Maintenant que j’y pense, je n’ai jamais pris l’un des trains qui relient les grandes cités du pays. Je vais enfin voir à quoi ils ressemblent dans quelques jours. En vérité, rares sont les gens qui prennent les trains avant d’avoir le Brevet. C’est triste à dire, je trouve, mais la population est assez casanière. Les voitures et les billets de train se vendent à des prix exorbitants, ce qui fait que même à Bégold, pas plus d’un dixième des foyers possèdent une automobile. Les bus et les vélos sont les moyens de transports privilégiés. En plus, personne ne fait le trajet d’une ville à une autre par les routes. Ces dernières sont peu fréquentées, mal entretenues, et dangereuses. Les grandes distances les rendent difficile à surveiller, alors tout le monde les évite, bien que certaines voies commerciales soient encore empruntées. On nous répète assez souvent que les arpenter est très risqué, à cause des attaques de désastres ou d’ombres plus puissantes, en plus de rôdeurs mal intentionnés.

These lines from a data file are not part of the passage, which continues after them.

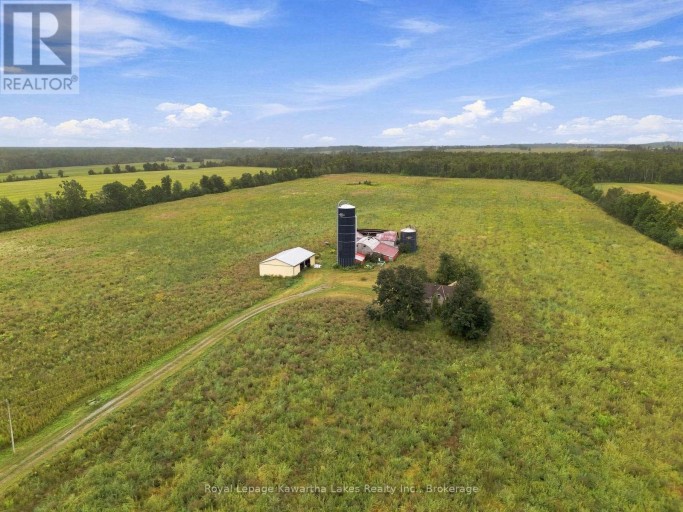 583 HILLHEAD ROAD, Kawartha Lakes (Ops), Ontario, K0L2X0
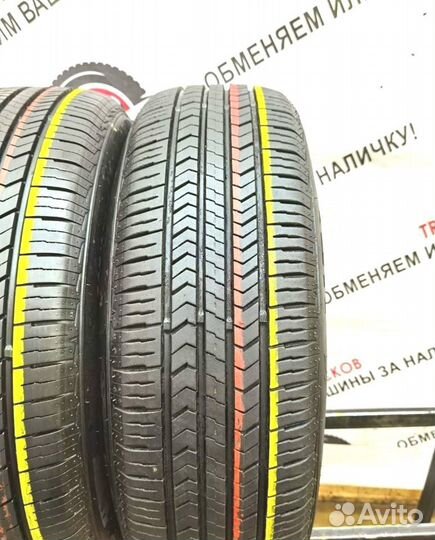 Nexen i.Q Series 1 255/65 R16 110S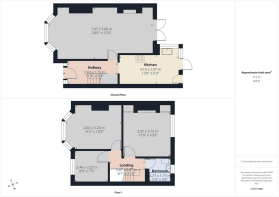 Floorplans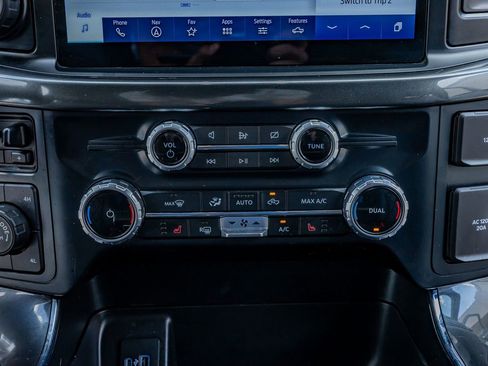 Used 2023 Ford F150 XLT w/ Equipment Group 302A High AWD/4WD image 27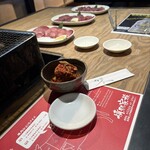 焼肉革命 情熱家族 - 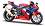 ����� Honda CBR 1000RR-R Fireblade SP - Maisto Tech - � ����� 1:12 - �������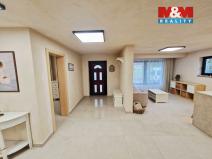 Pronájem bytu 3+kk, Kestřany, 55 m2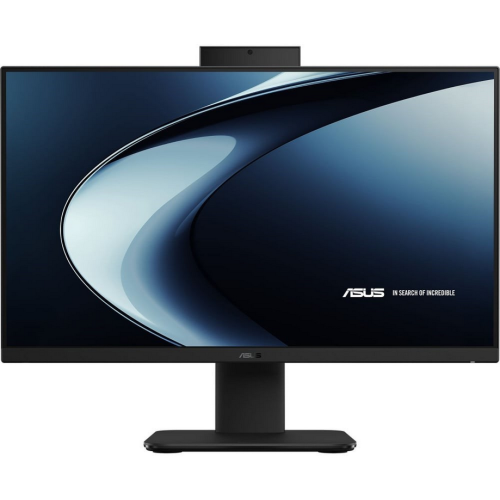 Calculator ASUS V440VAK-BPC0200 AIO, Intel Core i3-1315U, 23.8 inch, RAM 16GB, SSD 512GB, Intel UHD Graphics, No OS, Black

Les campagnes ne sont pas faites pour les citadins ; les familles qui cultivent la terre et vivent hors des villes toute l’année ont un mode de vie différent du nôtre, et savent se défendre en cas de besoin. Cette rupture entre les cités et l’extérieur m’a toujours paru très artificielle. J’ai parfois l’impression que nous sommes emprisonnés, et d’ailleurs, je croise des patrouilles tous les jours. Personne ne semble y prêter attention, mais il m’est arrivée de trouver la présence des militaires oppressante, surtout lorsque j’étais enfant. Derrière la beauté du grand théâtre, de la verrière du jardin botanique, derrière l’agitation da la récente place économique et des quartiers commerçants, quelque chose gronde, un miasme s’insinue partout, sournois et silencieux. Ce malaise qui m’envahit parfois, les barreaux de cette prison, quelque chose ne tourne pas rond. Il y a forcément quelque chose que je n’arrive pas à voir, que je ne peux que pressentir. Est-ce que madame Silber ressentait la même chose que moi ? Veredia serait-elle différente de Bégold ? Je dois garder les paroles d’Abby à l’esprit. Tout cela est une aventure, et je dois m’ouvrir aux murmures qui m’entourent. Mon aventure à moi sera peut-être de trouver les réponses à mes nombreuses questions.